Now I should point out that this hospital is not near where the protests were. It is about four or five kilometres away, a different part of Cairo so the injured and the dead were taken there then the army went to, it went to the hospital.

So before that happened there were 17 bodies in that morgue that I saw myself. I don't know if there will be any more turning up.

ELEANOR HALL: How destabilising is this sort of thing for the government as it prepares Egypt for its first post Arab Spring parliamentary elections next month?

BEN KNIGHT: Well, look there are some people who would argue that this was in fact instigated by the government. As I said there are a lot of conspiracy theories running around and while I don't normally entertain those, that is something that is very much being discussed here. There is a view that the military does not want to pass on power. It is not serious about taking the country to elections and that this kind of instability is being ignited by the military itself so it has an excuse to crack down and to hang onto power and to push the elections out.

Now there is no evidence of that but that is something that a lot of people here are talking about. Now it has to be pointed out that this is not necessarily violence between Muslims and Christians in Cairo itself although that is not unheard of but this sort of thing tends to happen in the more rural areas but what the Christians have been saying is that it has been incited, that particularly the governor of the province of Aswan has been inciting this violence against them and the military council is doing nothing to stop it.

They want the governor removed, they want the military council to protect them and they say that they are not doing that and that's why you are seeing these very angry protests this week. One of the churches was burnt down last week and that's what sparked this.

ELEANOR HALL: Well, the Egyptian cabinet has called an emergency meeting. If what you're suggesting is that there is a lot of concern that it is the government in fact inciting this violence, what is that emergency meeting likely to achieve?

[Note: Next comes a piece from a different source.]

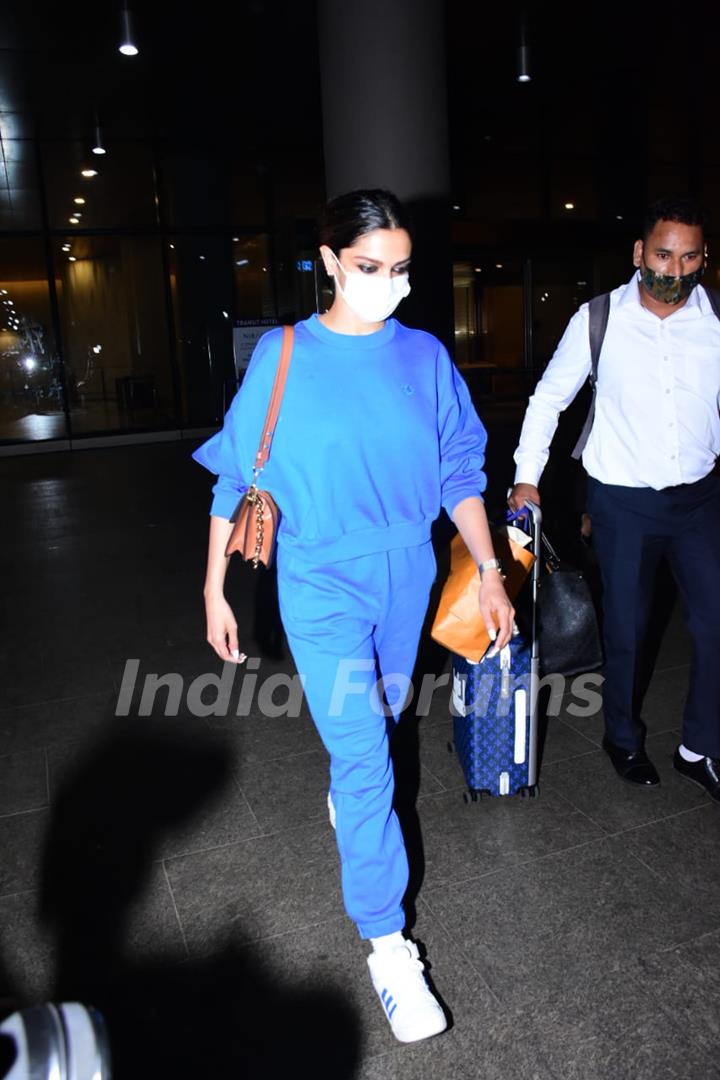 Deepika Padukone spotted at the airport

BEN KNIGHT: Well, I don't know but I think it will be very interesting to see what happens on the streets of Cairo tomorrow morning local time which is some hours from now. Are there going to be more Coptic Christians out there protesting on the streets? I wouldn't be surprised. There was a lot of anger at the hospital that I was at.

I think you are going to find a very strong security presence but also, it will be I think, don't be surprised to see Egyptian Muslims out there marching alongside the Christians as well because that is certainly what we saw earlier in the week at the other protest.

There are a lot of people in this country who don't like the sectarian violence, don't like the sectarian divisions that are sort of bubbling to the surface at the moment. Look, it is impossible to tell but I can tell you that there are going to be a lot more police and military police on the streets tomorrow than there were today.

ELEANOR HALL: Ben Knight in Cairo, thank you. That's the ABC's Middle East correspondent Ben Knight speaking at about 2am his time.